Das ist, so muss man annehmen, nicht kokett oder augenzwinkernd, sondern im antisemitischen Vollernst gesprochen. Noch steckt der Amtsrat fugenlos in seinem Amtsrats-Charakter und seiner Amtsrats-Sprache, denkt er doch «wörtlich» in Phrasen wie «Dunkelheit tut not» (Z, 34) oder «als urgent anzusehen» (Z, 73).

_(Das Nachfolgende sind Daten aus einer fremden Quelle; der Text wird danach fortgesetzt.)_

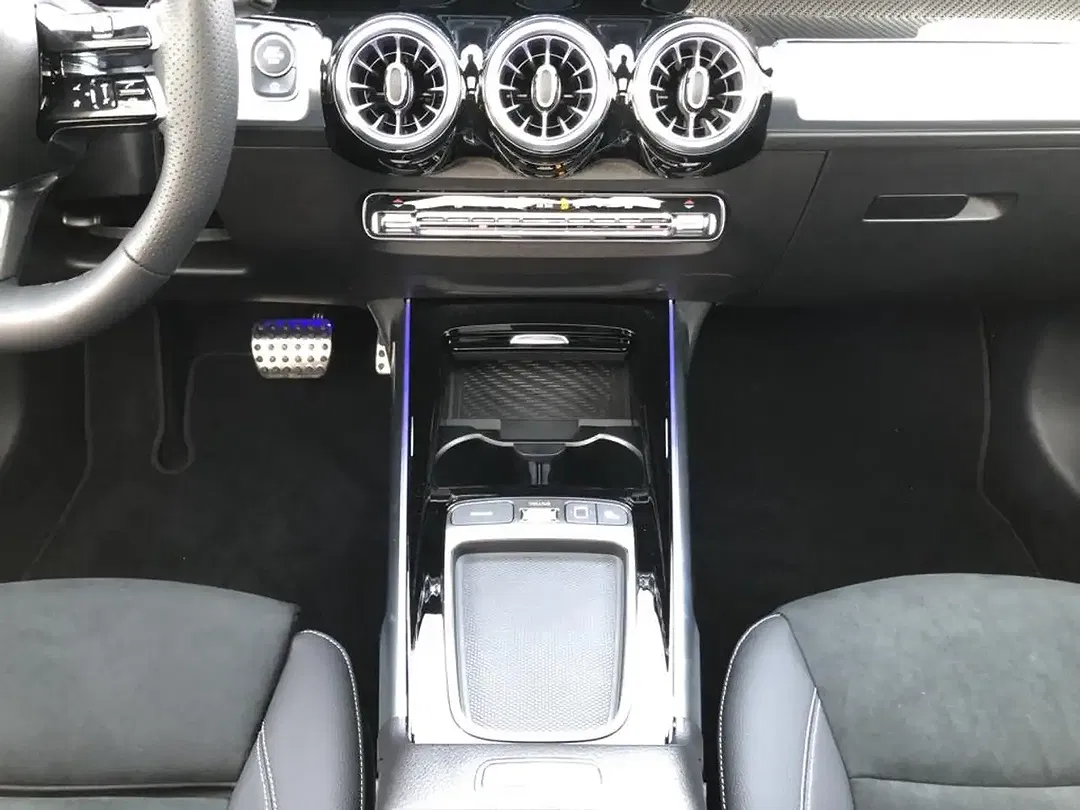Mercedes-Benz GLB 220 4MATIC AMG MBUX Night - foto 14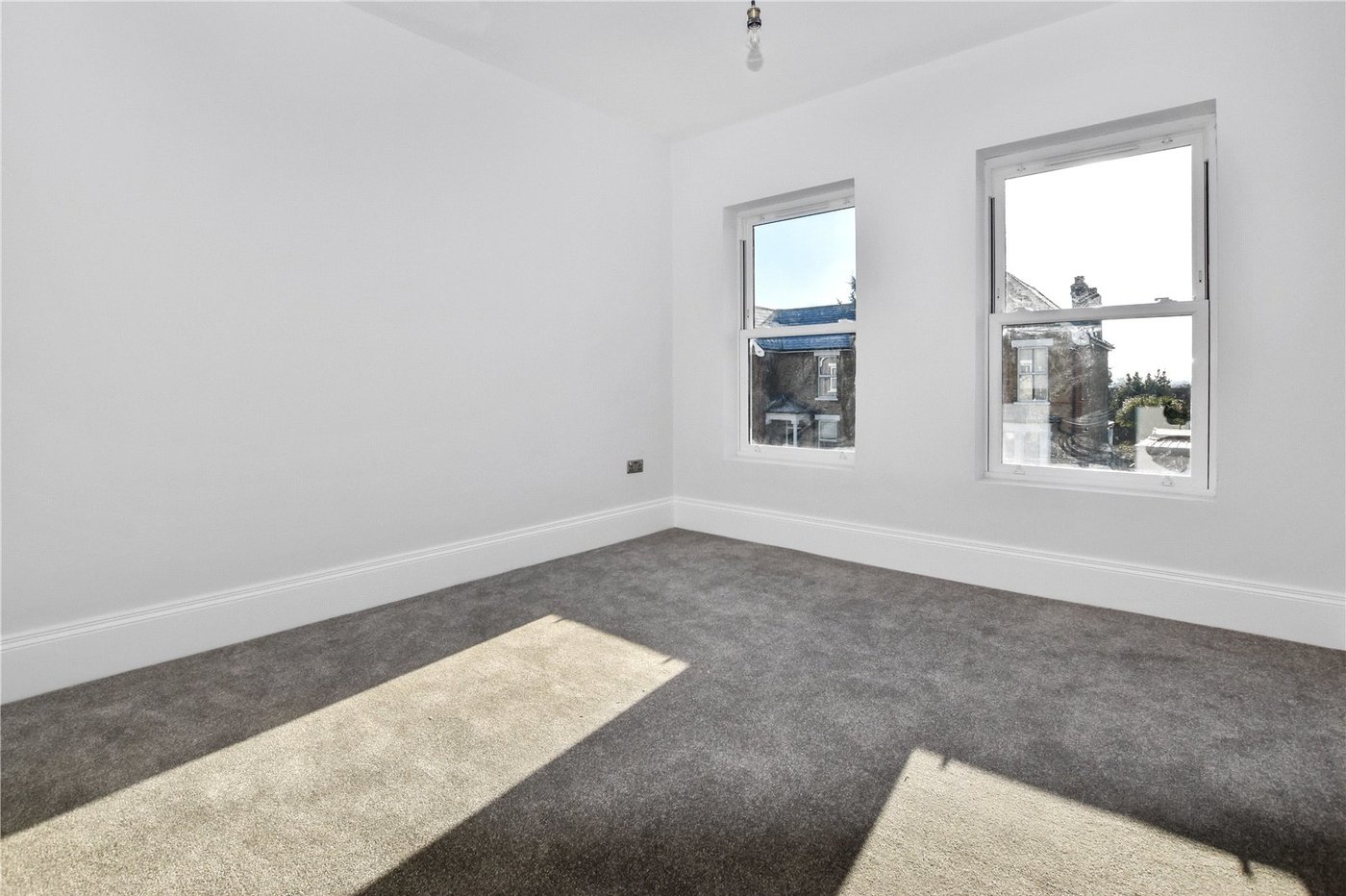 4 bedroom house for sale in Bexleyheath | Robinson Jackson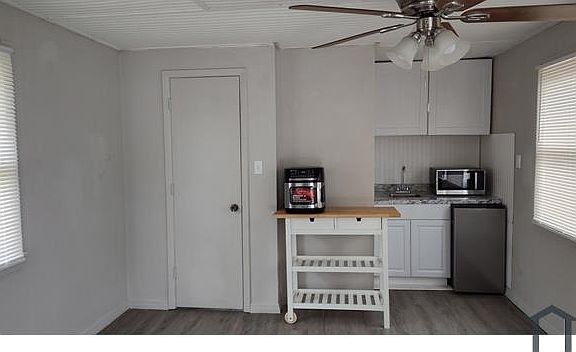 3rd image of 10953 70th Ave #6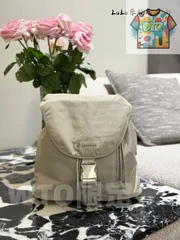 【今日特価】Lululemon Drawstring バケットバックパック - モダンな収納アイテム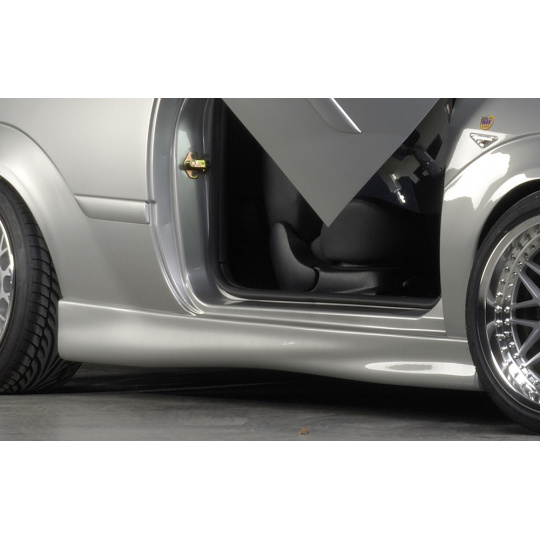 Rieger boční práh mont. strana pravá pro Ford Focus 1 5-dvéř., r.v. 11/01-, 98-10/01, plast ABS bez povrchové úpravy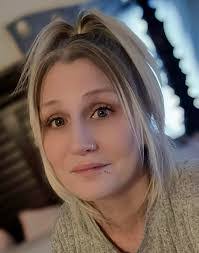 Monica Pryor's Instagram, Twitter & Facebook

Julius Zihal ist gewiss ein problematischer Charakter. Als «Scheusal» wird man ihn aber schwerlich klassifizieren können, wir begegnen ihm lediglich vor seiner «Menschwerdung». Diese wird bei Doderer als eine Art produktiver Selbstentfremdung begriffen, die eine Distanz zur eigenen Person voraussetzt. Dass Zihal über diese zunächst noch nicht verfügt, wird mit der ständig variierten Metaphorik eines Sacks oder Säckchens erfasst, aus dem sich der Amtsrat nicht zu befreien vermag. Er «lief gleichsam im Sacke, im Sacke des eigenen Zustands»; (Z, 48) «blieb sitzen im Säckchen»; (Z, 49) «spürte sozusagen das Stecken im oben zugebundenen Säckchen, das Stehen neben dem Leben»; (Z, 56) «stieß jetzt an das oben zugebundene Säckchen», (Z, 61) usw., usf.

Die systematische Beobachtung der erleuchteten Fenster ist noch nicht zu letzter zihalistischer Konsequenz erblüht, da wird der Voyeur gerade im Akt des Observierens der eigenen Gespaltenheit gewahr: «Julius wußte nun wohl, daß alle Operationen am Fenster III jetzt besser wären zu unterlassen gewesen. Aber mitsamt seinem Wissen fand er sich dann selbst immer wieder dort beschäftigt, während seine Vernünftigkeit und Besorglichkeit neben ihm lehnte, wie ein weggestellter Regenschirm. Dem Biographen Zihals erscheint dieser Punkt deshalb so wichtig, ja, innerhalb der Lebensgeschichte des Amtsrates geradezu als bedeutend, weil ganz außer Zweifel steht, daß Julius Zihal die Zweigeteiltheit der Menschen-Natur, welche mitunter auftritt (…), daß Zihal diese Zweigeteiltheit zum allerersten Male in so elementarer Weise selbst erlebte.» (Z, 73)

Diese zur Einsicht befähigende Empfindung manifestiert sich sogar auf ungewohnte Weise physiognomisch: «Er lächelte nämlich unter dem Schnurrbart. Man wird sagen: vermutlich säuerlich. Aber daß er überhaupt lächelte, sei’s gerade säuerlich – und nicht etwa blöde oder verglast – eben das scheint uns eine andere Fähigkeit in Zihal zu beweisen, die er vielleicht zum ersten Male dergestalt bewährte, in einer so beispielhaften inneren Lage nämlich. Man kann an einem pensionierten Amtsrate die erstaunlichsten Entdeckungen machen: dieser besaß also die Fähigkeit zur Ironie!» (Z, 73 f.)